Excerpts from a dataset

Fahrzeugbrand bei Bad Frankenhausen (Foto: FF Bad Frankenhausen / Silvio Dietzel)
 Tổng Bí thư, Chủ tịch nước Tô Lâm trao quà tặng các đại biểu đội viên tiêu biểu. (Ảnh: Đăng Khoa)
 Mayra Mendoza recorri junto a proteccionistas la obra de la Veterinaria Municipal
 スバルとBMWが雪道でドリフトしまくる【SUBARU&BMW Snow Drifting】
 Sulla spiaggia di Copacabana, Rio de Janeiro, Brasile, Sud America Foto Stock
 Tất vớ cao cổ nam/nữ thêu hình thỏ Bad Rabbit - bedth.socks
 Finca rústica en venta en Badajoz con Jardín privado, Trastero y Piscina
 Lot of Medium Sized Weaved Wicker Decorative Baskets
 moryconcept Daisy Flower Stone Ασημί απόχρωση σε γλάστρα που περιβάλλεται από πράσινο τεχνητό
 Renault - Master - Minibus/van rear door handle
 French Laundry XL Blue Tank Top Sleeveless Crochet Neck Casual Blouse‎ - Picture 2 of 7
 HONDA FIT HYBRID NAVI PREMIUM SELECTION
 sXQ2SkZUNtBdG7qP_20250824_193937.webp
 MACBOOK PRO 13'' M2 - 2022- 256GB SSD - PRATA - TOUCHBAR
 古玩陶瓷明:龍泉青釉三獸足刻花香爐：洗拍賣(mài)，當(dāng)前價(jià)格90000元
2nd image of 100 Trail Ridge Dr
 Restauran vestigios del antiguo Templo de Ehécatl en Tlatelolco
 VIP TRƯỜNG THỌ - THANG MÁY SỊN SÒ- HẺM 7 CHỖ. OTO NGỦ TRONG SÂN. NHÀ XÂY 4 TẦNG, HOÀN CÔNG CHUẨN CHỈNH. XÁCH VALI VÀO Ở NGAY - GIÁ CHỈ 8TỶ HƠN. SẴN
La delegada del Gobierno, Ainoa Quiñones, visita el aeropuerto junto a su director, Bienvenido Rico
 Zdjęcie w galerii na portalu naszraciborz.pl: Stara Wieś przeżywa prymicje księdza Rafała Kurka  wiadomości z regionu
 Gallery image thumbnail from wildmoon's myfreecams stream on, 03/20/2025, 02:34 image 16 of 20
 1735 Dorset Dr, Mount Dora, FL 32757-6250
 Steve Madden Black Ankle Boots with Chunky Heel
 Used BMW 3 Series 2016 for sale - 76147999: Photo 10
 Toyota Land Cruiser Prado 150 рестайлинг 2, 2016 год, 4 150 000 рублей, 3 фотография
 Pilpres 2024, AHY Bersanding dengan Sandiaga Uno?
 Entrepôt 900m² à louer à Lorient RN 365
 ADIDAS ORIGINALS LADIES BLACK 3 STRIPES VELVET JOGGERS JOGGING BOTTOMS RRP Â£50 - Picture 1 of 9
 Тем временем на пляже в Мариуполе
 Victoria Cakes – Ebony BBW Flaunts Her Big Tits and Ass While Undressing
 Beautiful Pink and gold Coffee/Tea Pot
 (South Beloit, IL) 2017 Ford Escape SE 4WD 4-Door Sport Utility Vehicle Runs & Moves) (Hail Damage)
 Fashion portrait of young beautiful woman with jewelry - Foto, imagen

» **Work order**
Between the first line of the entries above and the line with "スバルとBMWが雪道でドリフトしまくる【SUBARU&BMW Snow Drifting】", both included, copy every line exactly and nothing outside that range.

» **Task answer**
Fahrzeugbrand bei Bad Frankenhausen (Foto: FF Bad Frankenhausen / Silvio Dietzel)
 Tổng Bí thư, Chủ tịch nước Tô Lâm trao quà tặng các đại biểu đội viên tiêu biểu. (Ảnh: Đăng Khoa)
 Mayra Mendoza recorri junto a proteccionistas la obra de la Veterinaria Municipal
 スバルとBMWが雪道でドリフトしまくる【SUBARU&BMW Snow Drifting】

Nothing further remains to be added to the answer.